Both the hebrew characters in iso8859-8, and each byte of multibyte sequences in UTF-8, have a value ord($char) > 127. So what I would do is find all bytes with a value greater than 127, and then check if they make sense as is8859-8, or if you think they would make more sense as an UTF8-sequence...

gnud
How can a character have ord($char) > 255 in ISO-8859-8? It's a single byte!
Arthur Reutenauer
Well well. I don't know why, but I completely fudged that - non-ascii are between 128 and 255 - fixed now.
gnud
I figured that was what you meant in the mean time. You're lucky I waited before downvoting you ;-)
Arthur Reutenauer
+4  A: 

Here's map of the iso8859-8 character set. The range E0 - FA appears to be reserved for Hebrew.

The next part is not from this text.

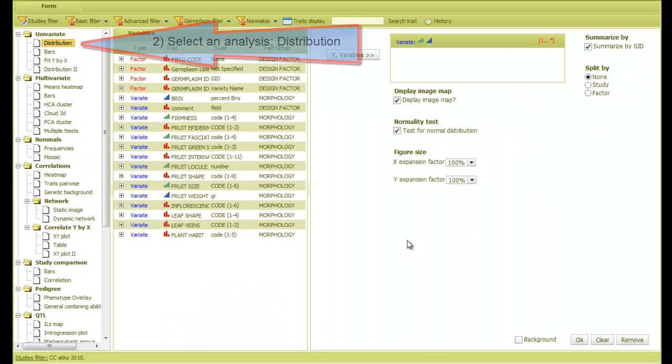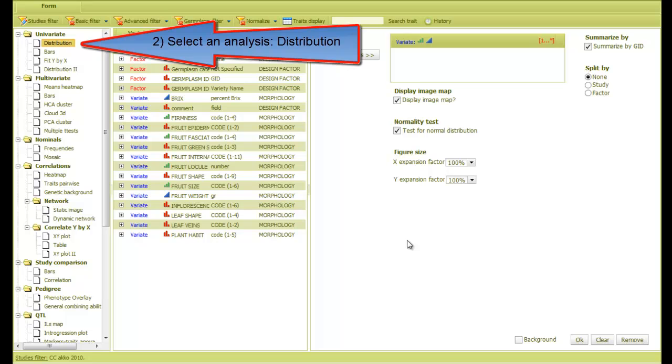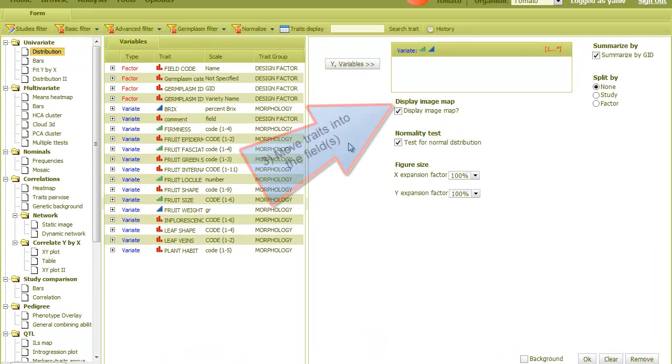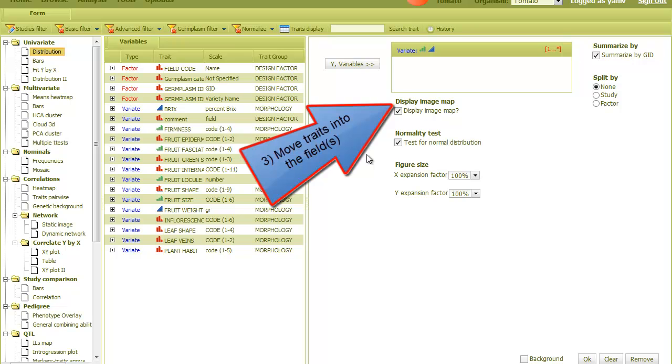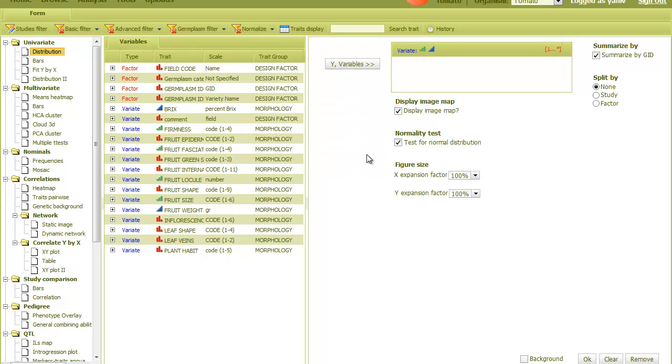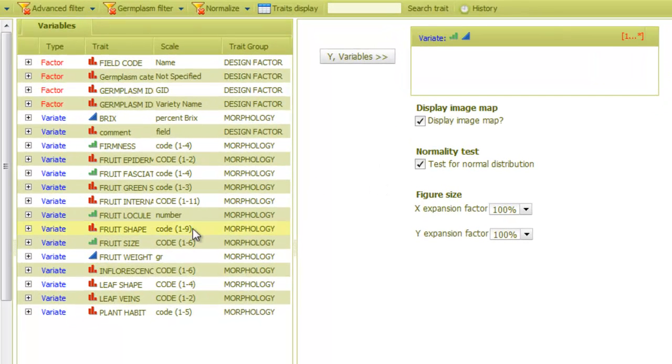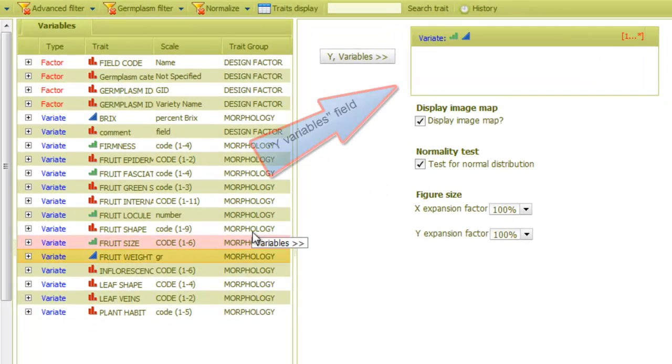The second step is choosing the analysis we want to perform from the left. Here, I'll start with the first analysis, which is distribution. The third step is to move traits from the list to the appropriate fields in the form. Here, for example, I'll take the trait fruit weight and drag it into the Y variables field.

You could check for those characters in a character class:

[\xE0-\xFA]

For UTF-8, the range reserved for Hebrew appears to be 0591 to 05F4. So you could detect that with:

[\u0591-\u05F4]

Here's an example of a regex match in PHP:

echo preg_match("/[\u0591-\u05F4]/", $string);
Andomar
The problem is that E0-FA are also values that will occur in UTF-8, but not nessescarily as hebrew characters...
gnud
@gnud: That's why you should not use the iso8859-8 regex on UTF-8 strings
Andomar
+1  A: 

Here's a small function to check whether the first character in a string is in hebrew:

function IsStringStartsWithHebrew($string)
{
    return (strlen($string) > 1 && //minimum of chars for hebrew encoding
        ord($string[0]) == 215 && //first byte is 110-10111
        ord($string[1]) >= 144 && ord($string[1]) <= 170 //hebrew range in the second byte.